**Entries supplied:**
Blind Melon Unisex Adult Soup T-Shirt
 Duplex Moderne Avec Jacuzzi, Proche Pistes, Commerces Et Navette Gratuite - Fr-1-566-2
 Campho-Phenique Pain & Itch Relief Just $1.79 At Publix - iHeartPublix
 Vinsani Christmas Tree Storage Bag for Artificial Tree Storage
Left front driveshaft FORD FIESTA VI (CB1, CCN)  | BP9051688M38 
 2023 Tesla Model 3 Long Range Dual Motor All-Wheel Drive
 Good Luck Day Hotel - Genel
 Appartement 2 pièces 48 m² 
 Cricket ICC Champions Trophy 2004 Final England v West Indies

**What you are asked to do:** Could you give the data again, word for word?

**Reply to the task:**
Blind Melon Unisex Adult Soup T-Shirt
 Duplex Moderne Avec Jacuzzi, Proche Pistes, Commerces Et Navette Gratuite - Fr-1-566-2
 Campho-Phenique Pain & Itch Relief Just $1.79 At Publix - iHeartPublix
 Vinsani Christmas Tree Storage Bag for Artificial Tree Storage
Left front driveshaft FORD FIESTA VI (CB1, CCN)  | BP9051688M38 
 2023 Tesla Model 3 Long Range Dual Motor All-Wheel Drive
 Good Luck Day Hotel - Genel
 Appartement 2 pièces 48 m² 
 Cricket ICC Champions Trophy 2004 Final England v West Indies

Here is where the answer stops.